**Material provided**:
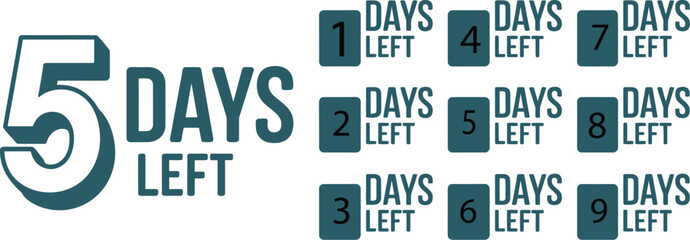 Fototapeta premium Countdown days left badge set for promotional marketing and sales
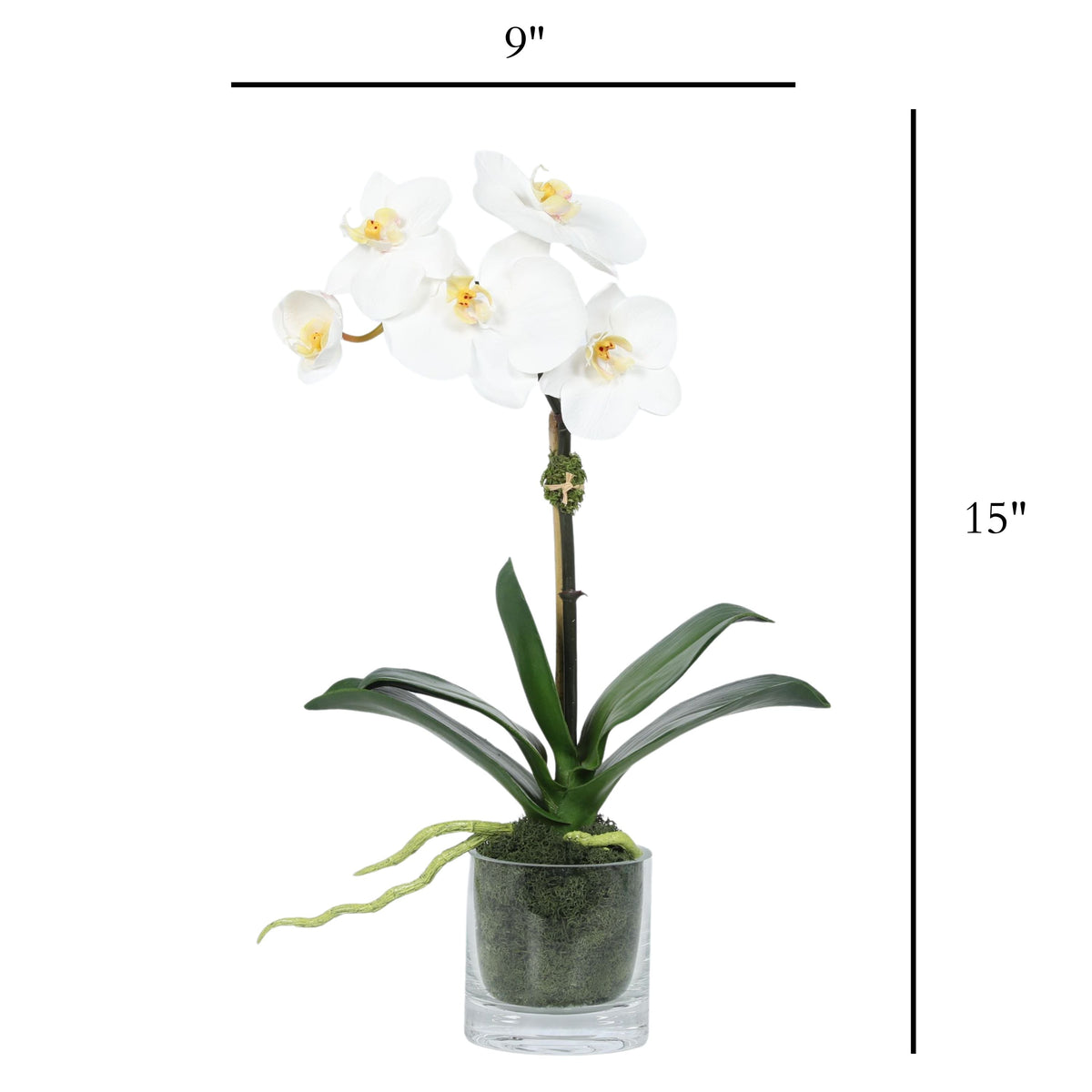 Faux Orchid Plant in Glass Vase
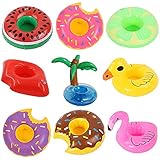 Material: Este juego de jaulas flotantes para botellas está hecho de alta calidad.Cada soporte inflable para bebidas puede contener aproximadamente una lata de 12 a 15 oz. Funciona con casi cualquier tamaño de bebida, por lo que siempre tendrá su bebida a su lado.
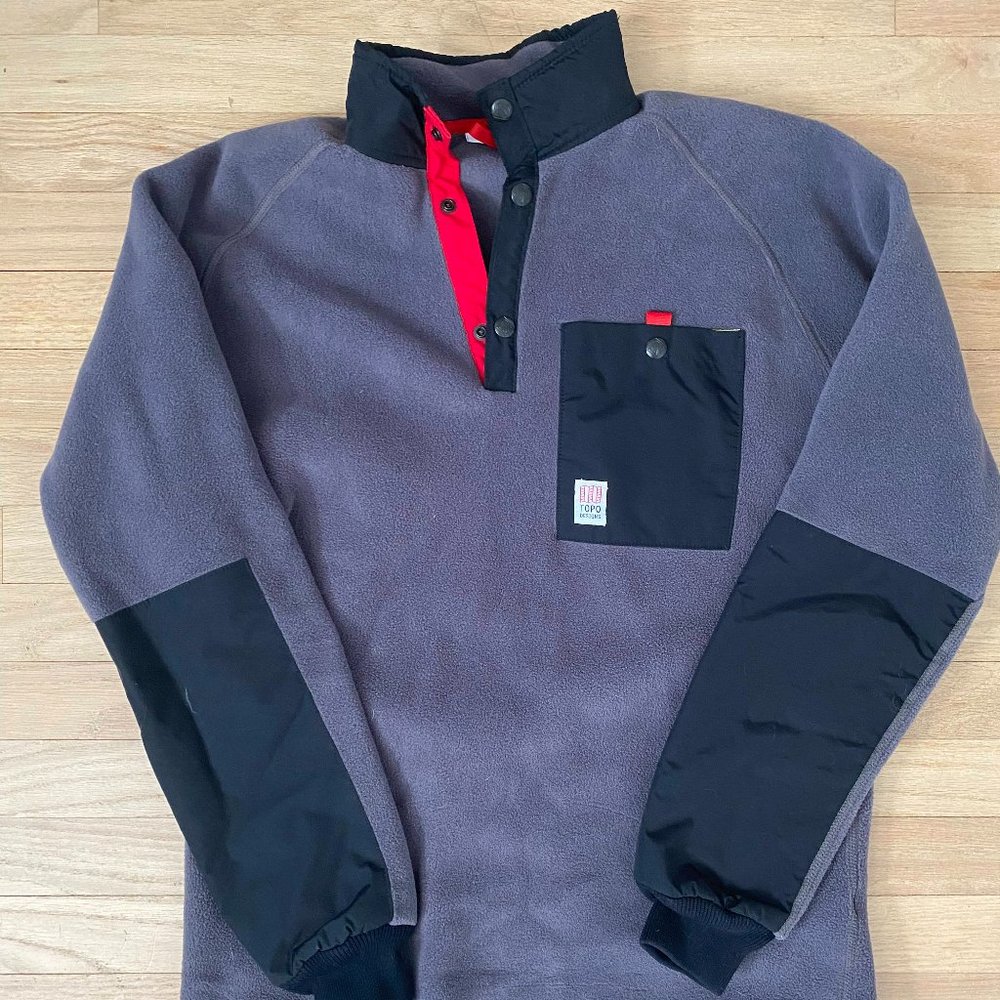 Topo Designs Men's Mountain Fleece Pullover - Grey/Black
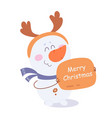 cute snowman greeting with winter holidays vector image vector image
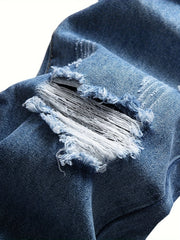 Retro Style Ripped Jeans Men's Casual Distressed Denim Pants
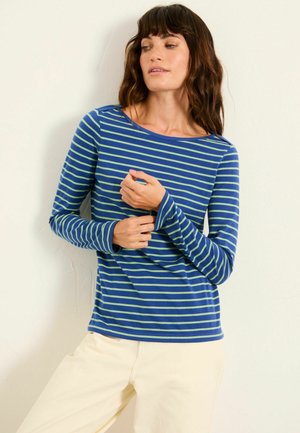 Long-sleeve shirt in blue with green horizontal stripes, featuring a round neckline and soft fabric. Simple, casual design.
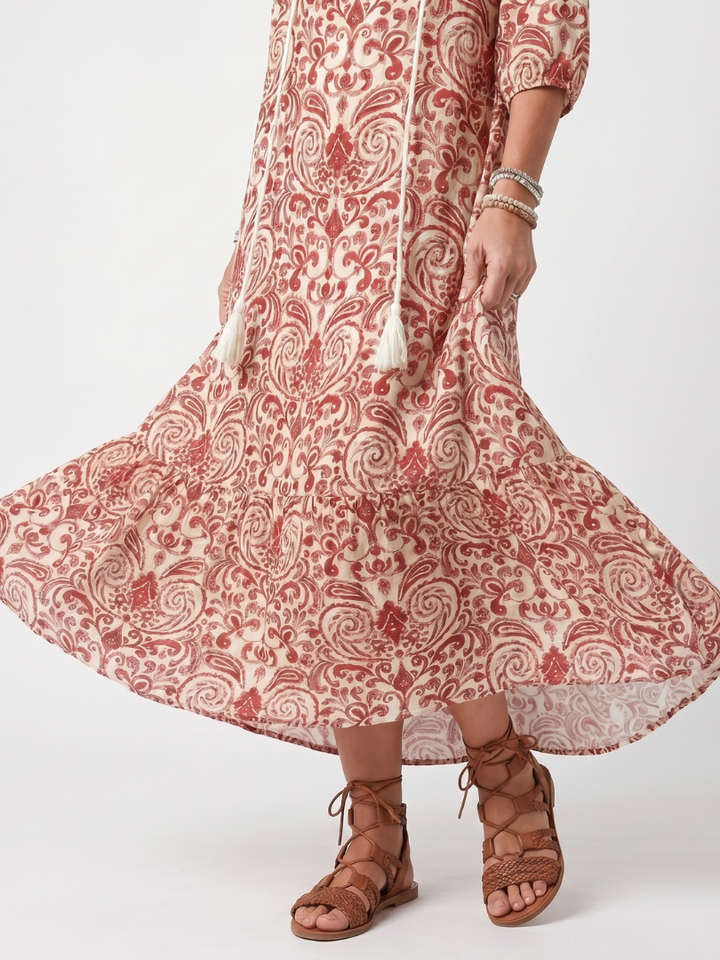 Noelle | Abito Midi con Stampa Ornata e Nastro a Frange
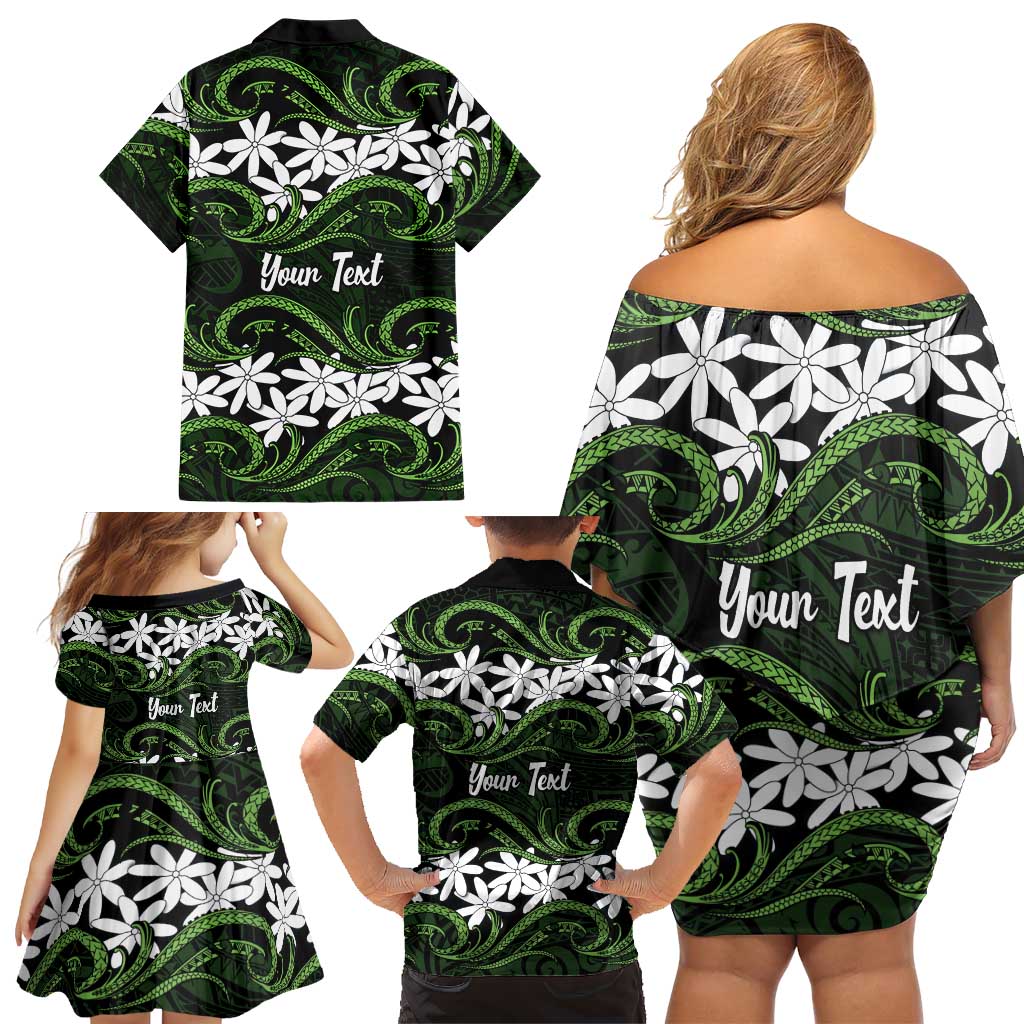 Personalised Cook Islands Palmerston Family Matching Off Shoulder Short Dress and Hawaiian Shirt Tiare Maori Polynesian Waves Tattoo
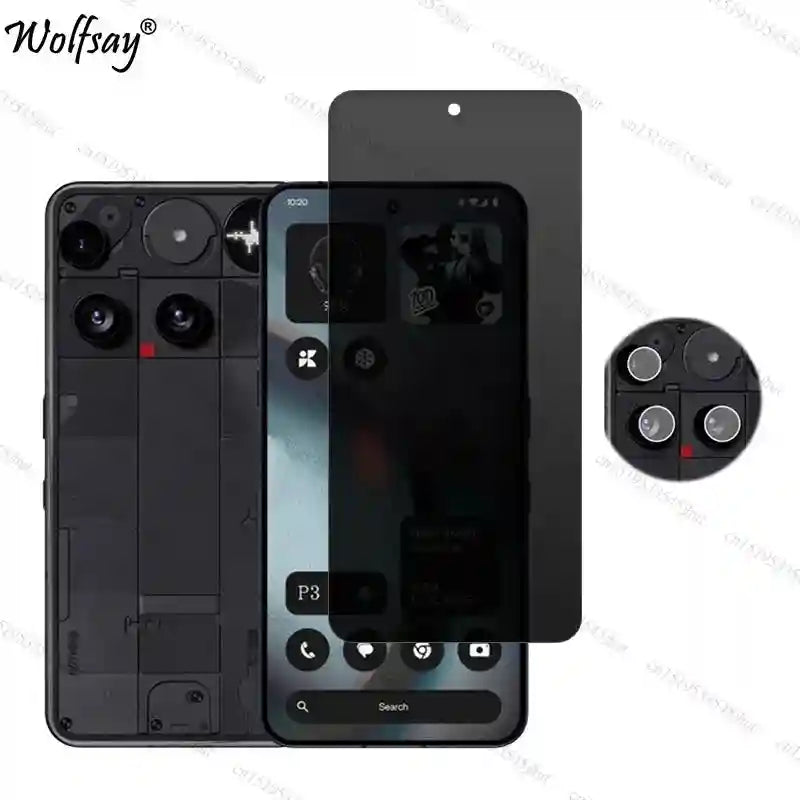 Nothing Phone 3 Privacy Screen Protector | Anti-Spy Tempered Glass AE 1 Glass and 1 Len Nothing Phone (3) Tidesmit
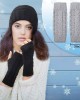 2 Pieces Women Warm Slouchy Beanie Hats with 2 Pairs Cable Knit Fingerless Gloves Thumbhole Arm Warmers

**Aim of the exercise**: Please transcribe, with no additions, the lines starting at the one that contains "Retro Style Ripped" and running through the last line of the entries, inclusive. Leave the pictures out.

**Finished task**:
 Retro Style Ripped Jeans Men's Casual Distressed Denim Pants
 Long-sleeve shirt in blue with green horizontal stripes, featuring a round neckline and soft fabric. Simple, casual design.
 Noelle | Abito Midi con Stampa Ornata e Nastro a Frange
 Personalised Cook Islands Palmerston Family Matching Off Shoulder Short Dress and Hawaiian Shirt Tiare Maori Polynesian Waves Tattoo
 Nothing Phone 3 Privacy Screen Protector | Anti-Spy Tempered Glass AE 1 Glass and 1 Len Nothing Phone (3) Tidesmit
 2 Pieces Women Warm Slouchy Beanie Hats with 2 Pairs Cable Knit Fingerless Gloves Thumbhole Arm Warmers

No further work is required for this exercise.